The existence of a submerged body of reasoned law carries the potential to destabilize our system of precedent and undermine the system's animating pnnciples of fairness, efficiency, and legitimacy by obscuring decisional law. To investigate whether these threats to the precedential system from submergence have materialized, this article presents an analysis of a sample of opinions: remand decisions from two district courts over seven years, all adjudicating federal-question removals of state-law claims. The study found that 30 percent of all reasoned opinions are submerged on dockets (and 44 percent of all decisions contain no reasoning at all). Looking purely at outcome measures (whether to grant or deny remand), the existence of submerged precedent distorts the picture of remand rates. In this sample, for example, reasoned opinions concerned with Employee Retirement Income Security Act (ERISA) federal questions remanded the case 63.67 percent of the time. Looking only in Westlaw, the remand rate drops to 46.67 percent, while 100 percent of the submerged cases were remanded.

Beyond just outcome measures, submerging reasoned opinions from public view carries the potential to skew the substantive law and permit inequitable adjudication. Although the small sample gathered here raises far more questions than it has the power to answer, several factors appear relevant to submergence: structure of legal tests, managerial discretion, party sophistication, and insulation from appeal.

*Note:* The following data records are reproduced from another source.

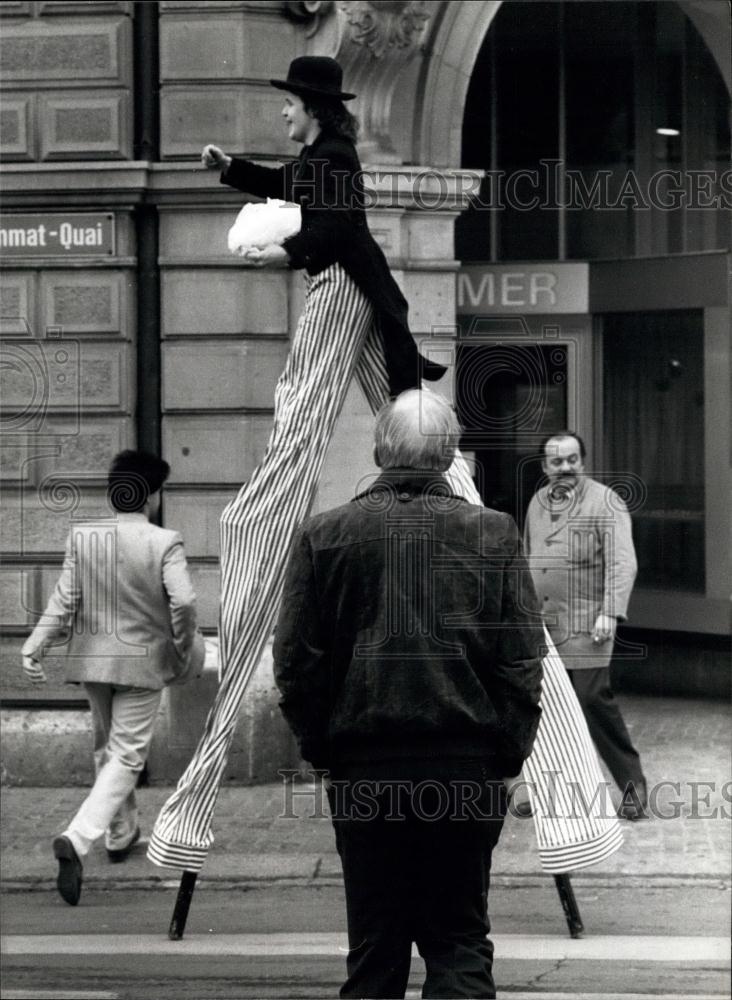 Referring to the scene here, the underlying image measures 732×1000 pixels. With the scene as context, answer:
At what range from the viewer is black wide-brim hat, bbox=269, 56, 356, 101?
6.30m

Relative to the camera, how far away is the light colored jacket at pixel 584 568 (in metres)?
8.45

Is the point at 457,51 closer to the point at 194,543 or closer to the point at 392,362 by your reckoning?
the point at 194,543

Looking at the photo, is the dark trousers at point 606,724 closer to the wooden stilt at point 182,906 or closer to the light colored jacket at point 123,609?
the light colored jacket at point 123,609

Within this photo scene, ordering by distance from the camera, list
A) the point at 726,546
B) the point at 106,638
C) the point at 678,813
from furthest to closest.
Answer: the point at 726,546 → the point at 678,813 → the point at 106,638

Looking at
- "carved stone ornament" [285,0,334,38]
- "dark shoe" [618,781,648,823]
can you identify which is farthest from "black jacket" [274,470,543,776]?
"carved stone ornament" [285,0,334,38]

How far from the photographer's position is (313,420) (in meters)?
6.35

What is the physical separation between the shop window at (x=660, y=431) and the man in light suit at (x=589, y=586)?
378 centimetres

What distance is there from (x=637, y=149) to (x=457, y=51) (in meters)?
2.84

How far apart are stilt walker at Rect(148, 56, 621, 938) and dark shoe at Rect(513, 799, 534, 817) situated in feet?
7.73

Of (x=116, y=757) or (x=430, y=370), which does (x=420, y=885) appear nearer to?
(x=430, y=370)

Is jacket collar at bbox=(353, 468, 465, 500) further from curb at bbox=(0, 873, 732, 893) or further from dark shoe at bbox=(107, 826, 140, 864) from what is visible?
dark shoe at bbox=(107, 826, 140, 864)

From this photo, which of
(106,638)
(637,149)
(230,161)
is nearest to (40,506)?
(106,638)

Given these observations, there may be an ideal role for submerged precedent to play. As technology democratizes access to court opinions and eliminates traditional justifications for selective publication in bound volumes, these reflections on the balance between submergence and availability acquire even greater urgency. The E-Government Act of 2002 mandated online public access to federal courts' "written opinions," 5 catalyzing the federal courts to digitize their dockets and build the Public Access to Court Electronic Records (PACER) database for public access.6 BloombergLaw has added a more facile docket search interface for a fee, and the United States Government Printing Office has just branched out into free online access to court opinions through an FDSys pilot project. Yet the march toward unfettered public access to court decisions thus far has sidestepped thoughtful consideration of the interplay between technology, access, and precedent theory, while tacitly permitting submergence of reasoned opinions.

This article responds to this unique moment in the evolution of precedent and the recently-rekindled national debates over precedential values. The analysis proceeds in three parts. Part I surveys the existing empirical evidence about decision-making in district courts and describes the methods for collecting this data set. Part I then establishes the defining features of the submerged precedent identified in this data and compares the sample of district court decisions in Westlaw to those available only on dockets. By this comparison, the study reveals possible forces behind submergence and the potential for inequity and skew in the substantive law these opinions apply.

Part II illustrates submerged precedent's implications for precedent theory and for district courts' role in shaping law. Part II first anchors submerged precedent in precedent doctrine, explaining how submerged precedent's defining features reflect the doctrine's broader systemic goals of efficiency, predictability, and legitimacy. Part II then theorizes the threats that submergence may pose to those goals and highlights the unique institutional roles that district court opinions play.

Proceeding from Part I's empirical observations and Part II's theoretical foundations, Part III outlines submerged precedent's ideal role. In considering the optimal level of submergence, Part III considers technology's democratizing influence on the future composition of-and interface with-a civil justice system based in precedent. Ultimately, this project concludes that submerged precedent's existence should inform procedural and practical choices affecting the body of decisional law available to the public that it is intended to serve, suggesting that submerged precedent's debut here should presage its demise.